* **What you are asked to do**
The lines to print are the one containing "Overtøj>SELECTED ENKELTRADET FRAKKE Beige" and every line after it through the end of the entries below. Print them exactly and nothing else.

(Crawled caption data)
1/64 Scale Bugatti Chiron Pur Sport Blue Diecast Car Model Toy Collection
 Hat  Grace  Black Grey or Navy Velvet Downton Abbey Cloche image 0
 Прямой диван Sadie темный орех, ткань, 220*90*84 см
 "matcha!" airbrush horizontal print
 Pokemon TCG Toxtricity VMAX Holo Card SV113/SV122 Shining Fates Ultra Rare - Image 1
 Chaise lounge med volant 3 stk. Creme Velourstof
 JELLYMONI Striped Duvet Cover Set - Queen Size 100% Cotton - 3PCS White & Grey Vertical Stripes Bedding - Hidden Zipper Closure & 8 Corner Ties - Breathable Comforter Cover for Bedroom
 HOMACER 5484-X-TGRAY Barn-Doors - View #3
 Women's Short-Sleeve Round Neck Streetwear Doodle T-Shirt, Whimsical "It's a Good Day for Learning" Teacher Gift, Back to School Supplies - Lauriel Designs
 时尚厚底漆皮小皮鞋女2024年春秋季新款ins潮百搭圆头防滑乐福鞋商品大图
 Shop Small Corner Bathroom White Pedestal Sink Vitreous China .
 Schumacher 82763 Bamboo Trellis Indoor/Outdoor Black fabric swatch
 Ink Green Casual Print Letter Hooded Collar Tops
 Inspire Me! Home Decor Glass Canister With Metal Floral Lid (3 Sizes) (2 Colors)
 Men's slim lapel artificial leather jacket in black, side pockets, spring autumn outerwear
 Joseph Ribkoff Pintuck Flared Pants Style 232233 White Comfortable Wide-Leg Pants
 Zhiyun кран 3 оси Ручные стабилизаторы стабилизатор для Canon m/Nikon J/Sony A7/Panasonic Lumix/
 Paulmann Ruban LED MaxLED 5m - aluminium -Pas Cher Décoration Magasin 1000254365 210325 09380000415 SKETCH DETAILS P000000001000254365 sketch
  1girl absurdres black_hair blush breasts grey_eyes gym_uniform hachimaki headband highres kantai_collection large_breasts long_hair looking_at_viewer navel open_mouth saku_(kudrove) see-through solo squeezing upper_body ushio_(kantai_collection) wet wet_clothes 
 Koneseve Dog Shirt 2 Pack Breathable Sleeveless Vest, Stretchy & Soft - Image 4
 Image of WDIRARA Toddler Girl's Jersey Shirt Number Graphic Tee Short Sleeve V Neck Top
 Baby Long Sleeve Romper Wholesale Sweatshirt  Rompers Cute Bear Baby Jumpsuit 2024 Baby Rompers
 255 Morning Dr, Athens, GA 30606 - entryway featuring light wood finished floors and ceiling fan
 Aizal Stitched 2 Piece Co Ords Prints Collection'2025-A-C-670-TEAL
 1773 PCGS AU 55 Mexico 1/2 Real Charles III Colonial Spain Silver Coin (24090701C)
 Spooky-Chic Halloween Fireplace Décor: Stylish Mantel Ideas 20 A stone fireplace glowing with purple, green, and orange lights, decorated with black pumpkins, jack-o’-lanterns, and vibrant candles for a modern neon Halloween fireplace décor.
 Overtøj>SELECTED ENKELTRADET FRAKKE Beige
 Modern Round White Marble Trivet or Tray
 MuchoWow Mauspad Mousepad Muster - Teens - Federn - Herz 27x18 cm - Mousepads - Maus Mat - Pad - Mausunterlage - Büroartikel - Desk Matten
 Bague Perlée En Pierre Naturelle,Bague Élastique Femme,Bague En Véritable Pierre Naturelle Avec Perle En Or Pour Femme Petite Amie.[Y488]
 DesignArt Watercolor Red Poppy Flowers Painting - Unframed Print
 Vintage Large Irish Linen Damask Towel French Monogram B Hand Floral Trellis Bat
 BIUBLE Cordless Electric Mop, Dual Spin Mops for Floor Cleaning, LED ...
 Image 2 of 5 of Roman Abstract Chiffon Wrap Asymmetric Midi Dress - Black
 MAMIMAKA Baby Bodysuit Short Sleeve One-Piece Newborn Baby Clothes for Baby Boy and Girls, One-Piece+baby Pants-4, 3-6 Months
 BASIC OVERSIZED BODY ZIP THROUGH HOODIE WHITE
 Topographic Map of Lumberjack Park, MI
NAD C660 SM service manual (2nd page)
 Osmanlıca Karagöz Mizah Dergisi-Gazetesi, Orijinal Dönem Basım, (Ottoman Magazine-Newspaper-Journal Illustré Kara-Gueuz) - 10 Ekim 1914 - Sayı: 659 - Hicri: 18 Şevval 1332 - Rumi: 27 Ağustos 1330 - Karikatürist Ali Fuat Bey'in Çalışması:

* **Task answer**
 Overtøj>SELECTED ENKELTRADET FRAKKE Beige
 Modern Round White Marble Trivet or Tray
 MuchoWow Mauspad Mousepad Muster - Teens - Federn - Herz 27x18 cm - Mousepads - Maus Mat - Pad - Mausunterlage - Büroartikel - Desk Matten
 Bague Perlée En Pierre Naturelle,Bague Élastique Femme,Bague En Véritable Pierre Naturelle Avec Perle En Or Pour Femme Petite Amie.[Y488]
 DesignArt Watercolor Red Poppy Flowers Painting - Unframed Print
 Vintage Large Irish Linen Damask Towel French Monogram B Hand Floral Trellis Bat
 BIUBLE Cordless Electric Mop, Dual Spin Mops for Floor Cleaning, LED ...
 Image 2 of 5 of Roman Abstract Chiffon Wrap Asymmetric Midi Dress - Black
 MAMIMAKA Baby Bodysuit Short Sleeve One-Piece Newborn Baby Clothes for Baby Boy and Girls, One-Piece+baby Pants-4, 3-6 Months
 BASIC OVERSIZED BODY ZIP THROUGH HOODIE WHITE
 Topographic Map of Lumberjack Park, MI
NAD C660 SM service manual (2nd page)
 Osmanlıca Karagöz Mizah Dergisi-Gazetesi, Orijinal Dönem Basım, (Ottoman Magazine-Newspaper-Journal Illustré Kara-Gueuz) - 10 Ekim 1914 - Sayı: 659 - Hicri: 18 Şevval 1332 - Rumi: 27 Ağustos 1330 - Karikatürist Ali Fuat Bey'in Çalışması:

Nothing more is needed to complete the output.